- _Directions_
From the records below, extract only the lines running from the line with "Monadnock, dominanta obce" to the line with "Simple Style Solid", both lines included, reproducing them exactly.

- _Supplied material_

· · ·

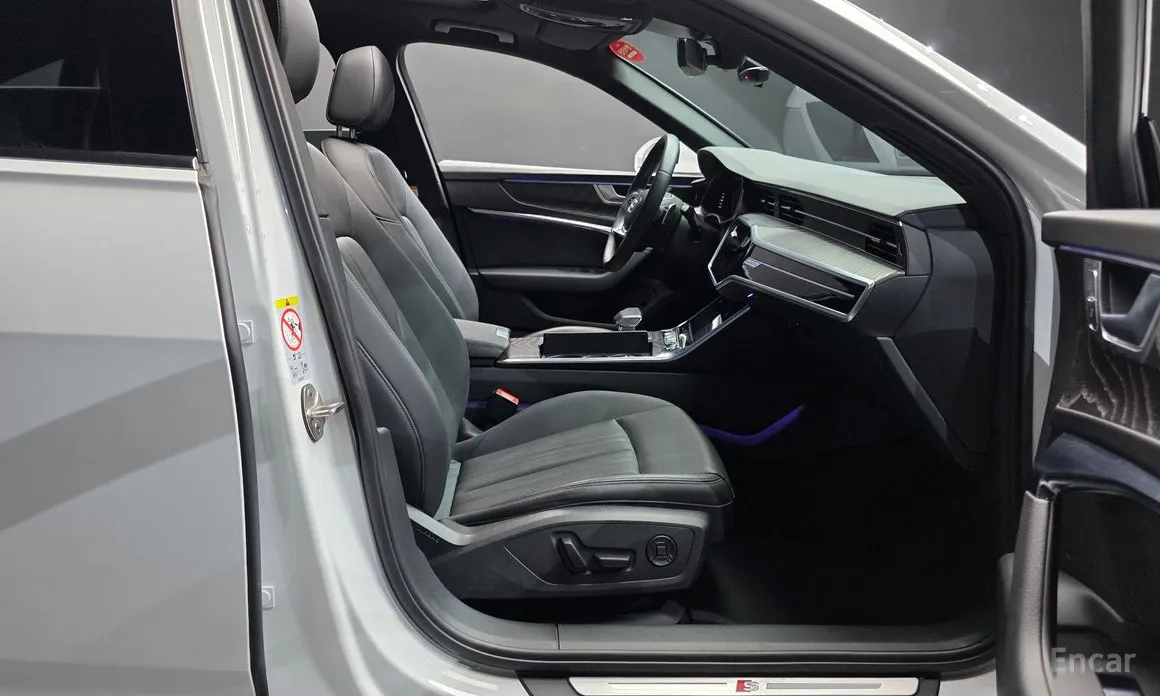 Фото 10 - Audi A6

· · ·

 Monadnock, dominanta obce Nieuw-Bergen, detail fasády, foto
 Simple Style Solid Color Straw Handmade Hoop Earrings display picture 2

· · ·

- _Solution_
 Monadnock, dominanta obce Nieuw-Bergen, detail fasády, foto
 Simple Style Solid Color Straw Handmade Hoop Earrings display picture 2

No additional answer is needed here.